I say it’s better to wait just a bit longer. And here’s why:
First, there are too many holes in the lineup to fix in one year.
One recent article here at Friars on Base suggested that the team needs help at: 1) third base 2) shortstop 3) first base 4) catcher 5) left field and 6) right field. A simpler way to put that is “everywhere but second base and center field”.
But in fact, the only reason those two positions aren’t on the list is that the incumbents, Jedd Gyorko and Cameron Maybin, are carrying contracts that are paying them more than their current market value. Maybin is injury-prone and can’t get on base enough to make his speed a factor on offense, and Gyorko spent the first half of 2014 with the worst OPS in the majors.
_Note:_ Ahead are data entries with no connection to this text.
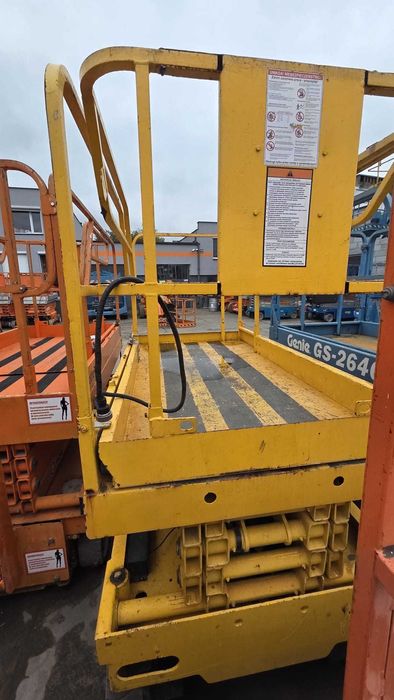 Podnośnik nożycowy Haulotte Compact10 elektryczny 10m JLG Genie 2646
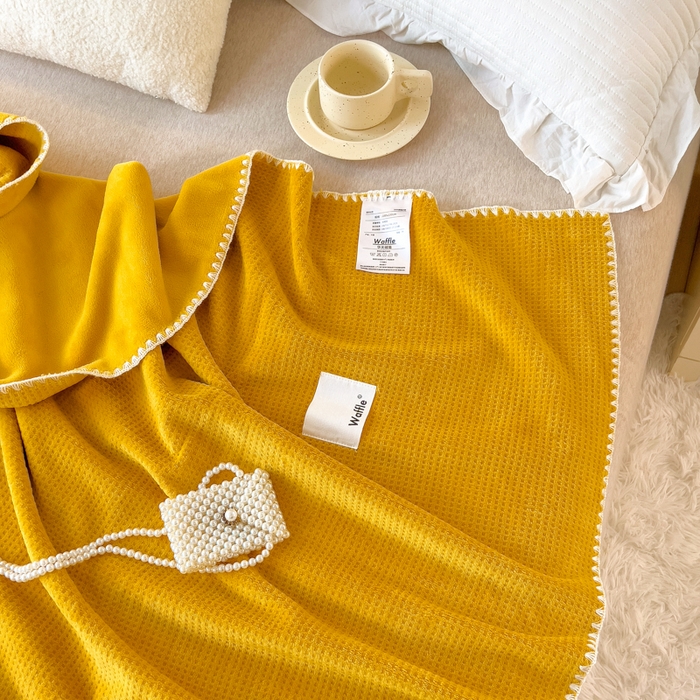 91家纺网 家纺一手货源 找家纺 （总）美梦莱 2022新款华夫格牛奶绒双层复合毯空调毯（支持一件代发）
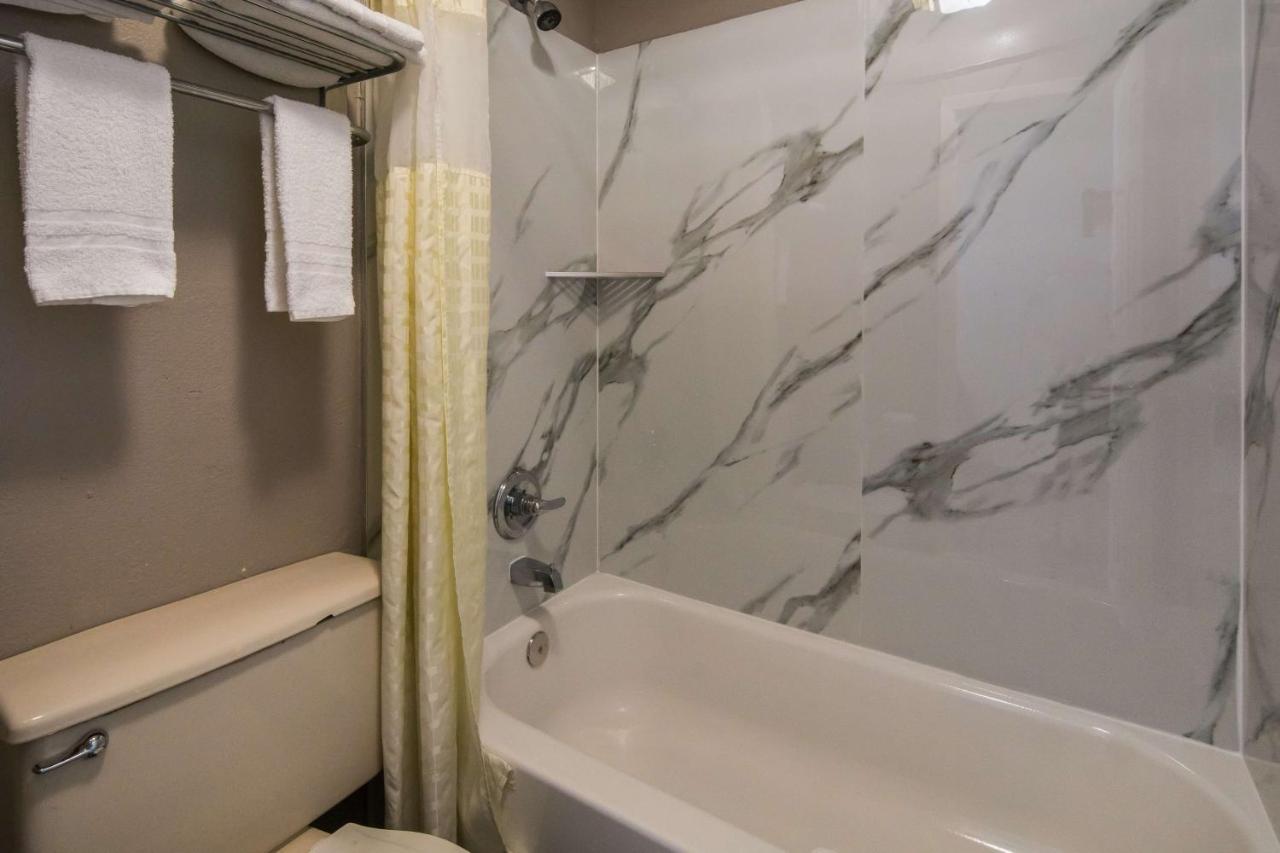 Motel 6 Irving - Loop 12 Экстерьер фото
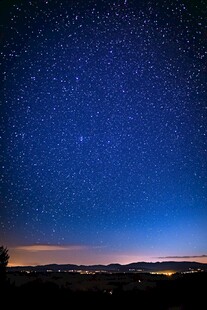 璀璨星空下的静谧大地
Don’t get me wrong, I love the Jerk Store and think Maybin still has potential to be an adequate major league center fielder if he can stay healthy. But their current level of play isn’t going to get the Padres to the World Series.
So, with nearly an entire offense to replace, Preller isn’t going to be able to put a contending offense on the field all at once. Even with an unlimited budget, he’d be unlikely to be able to bring in enough impact players to be a major contender. And that brings us to reason number two to wait another year before releasing the high-spending kraken.
The free agent market doesn’t have enough good offensive players.
There are some good pitchers out there, to be sure. Scherzer, Lester, Shields. All will be great additions to whatever team they end up on. But the position players, after the first few, are not difference-makers. The top position players available are Hanley Ramirez, Pablo Sandoval, Nelson Cruz, Russell Martin, Melky Cabrera, Nick Markakis, Adam LaRoche, Asdrubal Cabrera, and Chase Headley.
That seems like a good place to stop.
Ramirez, Sandoval, and Cruz are the only impact players on that list, the kind of players you can build a team around. And at 34 years old, Cruz seems a better fit for a team ready to win immediately. Martin is not enough of an improvement over Rene Rivera to shell out $64 million over four years. What about Melky? I don’t know – it seems unlikely that the Padres would bid heavily to bring in a second player named Cabrera with PED issues.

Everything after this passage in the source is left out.